It is quite hard to debug things like these because you can't use a debugger or anything. All my paging structures are initialized to zero.
I'm just wondering why would accessing a certain address with -O0 cause a fault and not with -O2. So the offending code cannot be the one written in Assembly, it must be the C++ one.
OS: Basic OS
About: 32 Bit Monolithic Kernel Written in C++ and Assembly, Custom FAT 32 Bootloader
User avatar
iansjack
Member
Member
Posts: 4705
Joined: Sat Mar 31, 2012 3:07 am
Location: Chichester, UK

Re: Memory access bug

Post by iansjack »

I suspect that the faulty code is nothing to do with paging. It just happens to be overwriting the memory used by the page table. It's not uncommon for optimization to reveal a bug that wasn't apparent before. Memory allocation/deallocation routines are a good candidate; a bug here can cause any part of your code to break.
nullplan
Member
Member
Posts: 1798
Joined: Wed Aug 30, 2017 8:24 am

Re: Memory access bug

Post by nullplan »

Octacone wrote:Got you, my .rodata is located right after .text, that's all good.
I don't use the WP bit at all.

Notice with -O0 there are two additional items that shouldn't be there: [2] and [3].
Also there is something weird going on with my program headers as well:
Oof, let's take these one at a time. So with -O0, your constants are located at 0xc010fXXX, and with -O2 they are at 0xc010aXXX. That's five entries difference in the page table, so your memory corruption may just hit this small range of memory.

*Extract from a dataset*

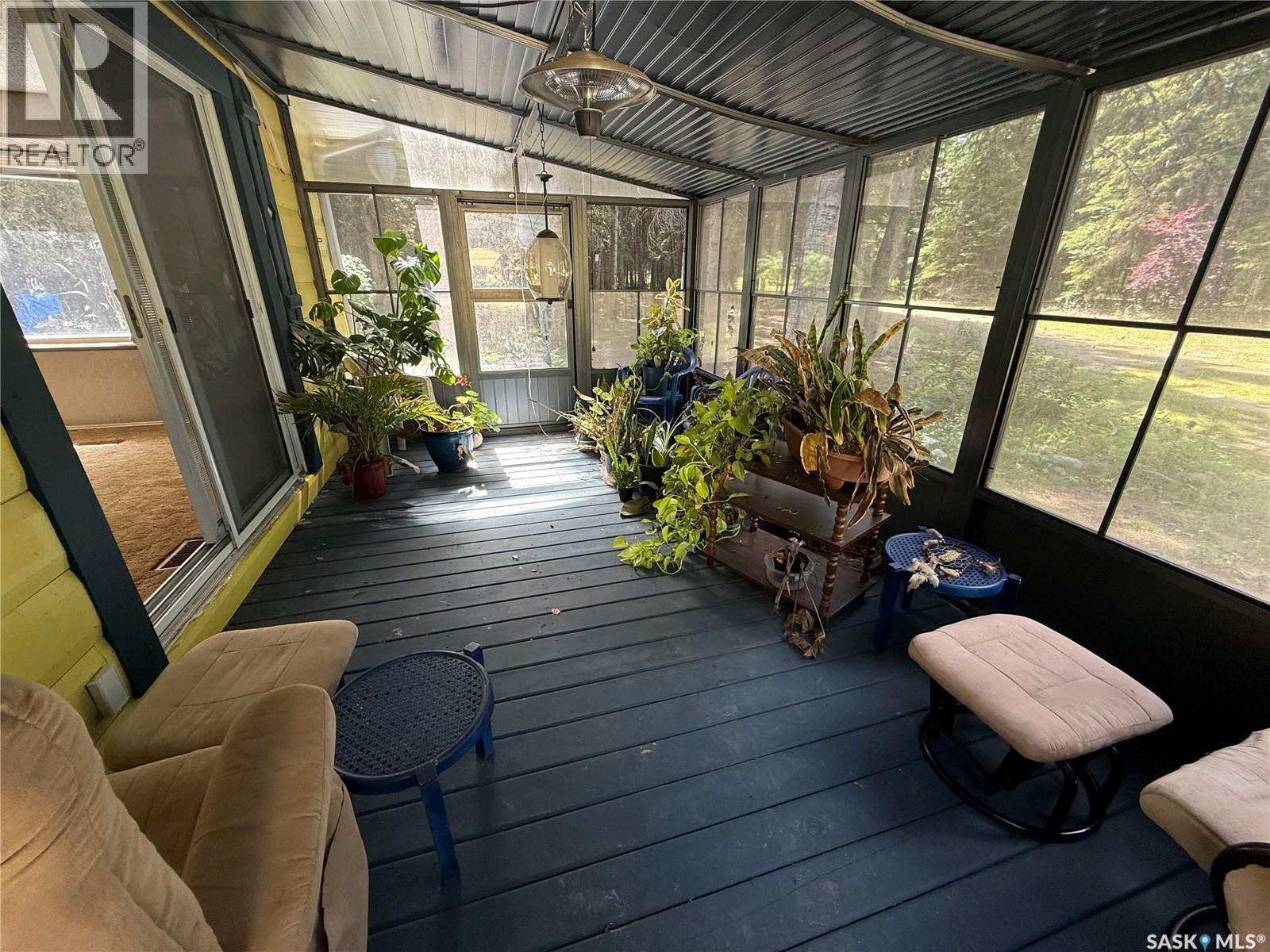 Rest A While Acreage, Paddockwood Rm No. 520, Saskatchewan  S0J 3E0 - Photo 32 - SK037344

You are not using WP, but you might want to reconsider. ATM we don't know if the page tables get corrupted or your constants are written to. I suggest changing your linker script to put a page break between the read-only sections and the read-write sections (as easy as ". += 0x1000" at that point). This should cause your output file to have two LOAD segments, one RX and the other RW. Then map your RX segment with write protection and set the WP bit once you are done modifying any code you may need to and have installed the IDT. Of course, this makes the initial paging a bit more challenging. But not a lot.

The additional .text sections are auto-generated by the C++ compiler when it instantiates a template. Perhaps that becomes unnecessary with optimization because the code is unreachable. In any case, there is nothing weird going on with your segments. The .text sections are part of the RX segment.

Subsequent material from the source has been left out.